Toli was crying, sobbing with the pain, and Gareth seemed to think that would impede his listening ability, so he shook him by the hair. Adam still clung to him, as if he could protect him, as if he could do anything.

“Gary!” the woman said again, in apparently growing frustration.

“If you ever do anything to put her in danger again,” Gareth said, “I’ll kill you. I’ll cook you alive and feed you to the monsters of the deep. I’ll destroy you. Do you understand me?”

“She… she wanted,” Toli said, and Orenda was amazed he had the courage to talk back, “She wanted to find you. She wanted to come. I’ve never hurt Orenda.” He narrowed his eyes and added, “You have.”

Orenda saw Gareth’s back shudder as he stood.

“Tie your ship to ours,” Gareth said, “Don’t try to run. If you try to run I’ll blast it apart.”

Orenda hated this man.

“Orenda,” Nochdifache unfurled the carpet and set it on the deck, “Come with me. I’ll… I’ll tell you everything. I’ll… I need a drink.”

Tolith hissed in pain as Adamayern ran a piece of cloth over his ear, and Orenda saw that it was destroyed. Even with the flesh knitted back together it was half the size it should be, and she doubted it functioned at all for actually hearing anything anymore. What was that thing? What had Gareth done to him?

“I’ll watch them,” Bella said, as if ‘watching’ the four crewmembers was nothing, as if there was no chance they could ever overpower her. She took a step closer to Orenda, then another, and her eye softened as she looked at her. She pulled her into a hug so fierce it suffocated her, as if she was afraid to let go, and Orenda wondered if that was what it felt like to be hugged by a mother.

“Oh, Orenda,” Bella said softly, “How I’ve dreamed of seeing you, alive and well and grown. Your mother would be so proud of you. We have to tell Xac. He considered you his child, too. Go with Gary. He’s not a bad person, he’s just made a bad impression.”

“The dragon?” Orenda asked, confused.

“What?” Bella pulled back and looked at her, “No, with Gary- Gareth. The dragon’s name is Draco, and he isn’t a dragon, not really.
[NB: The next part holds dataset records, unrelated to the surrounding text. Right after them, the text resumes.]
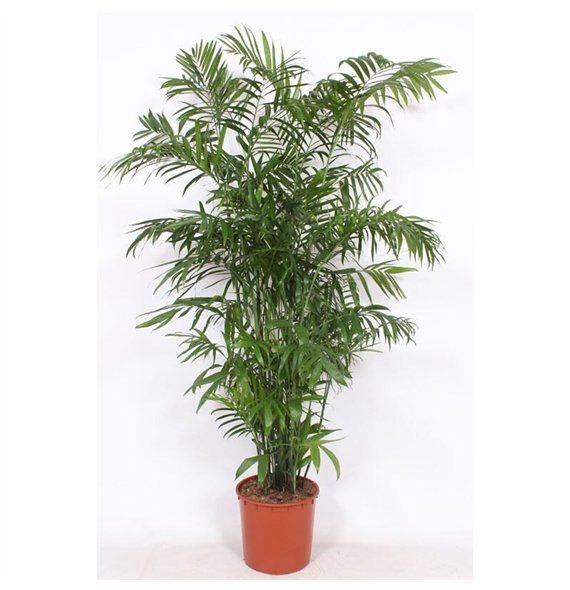 Chameadorea seifrizii Chamaedorea Seifrizii20 pp 180cm 34cm Q1491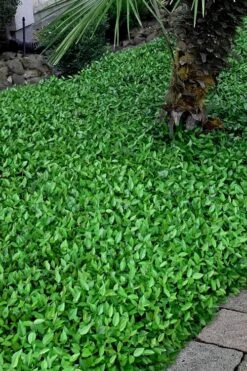 Asian Jasmine - Asiatic Jasmine - 1 Gallon Pot -Garden Plant Seeds trachelospermum asiaticum asian jasmine 3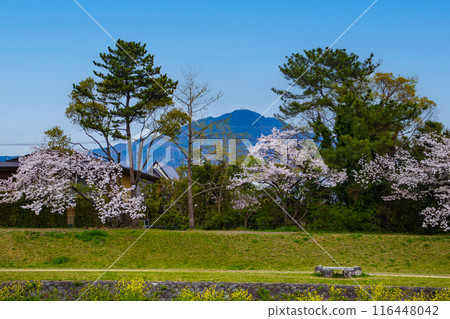 [Kyoto scenery] Cherry blossoms and mountains seen from the Kamo River (Mount Hiei/Mount Daimonji) 116448042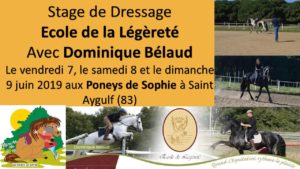 stage dominique bélaud juin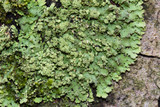 Phaeophyscia rubropulchra image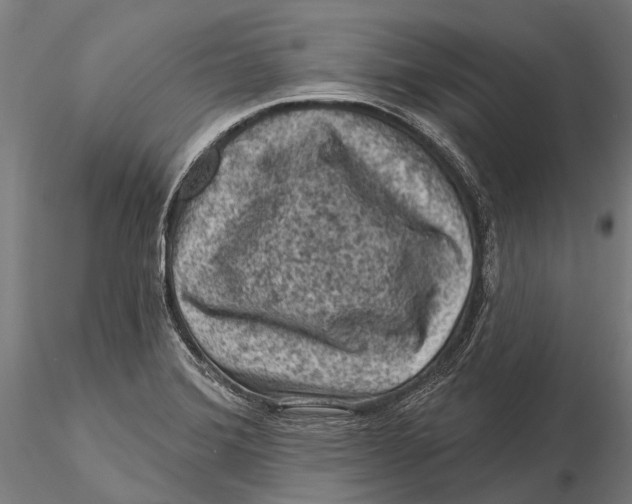 X0000116011372200912101331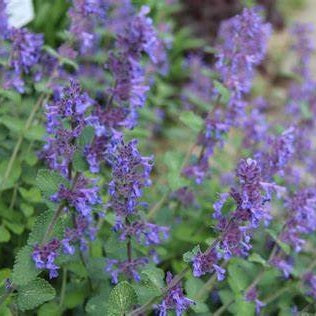 Kaukázusi macskamenta (Nepeta racemosa 'Odeur Citron')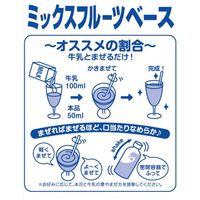 メロディアン ミックスフルーツベース 500ml 1セット（24本）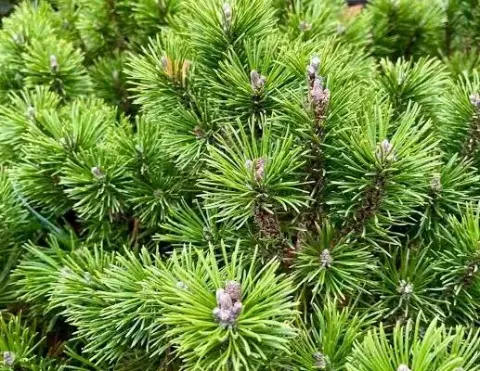 Сосна горная (Pinus mugo)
It’s a long story.”

“Oh,” Orenda said, and felt stupid for not figuring that out earlier. “And you’re… Bella?”

“Yes,” she said, “I’m your aunty.”

Orenda looked over her shoulder at where Gareth stood on the carpet with his mask in one hand and the other outstretched for her. She glared at him, did not take it, and stepped onto the carpet. The seasickness was completely gone as she felt it heat under her bare feet, and when they rose into the air, she felt like she was once again on land.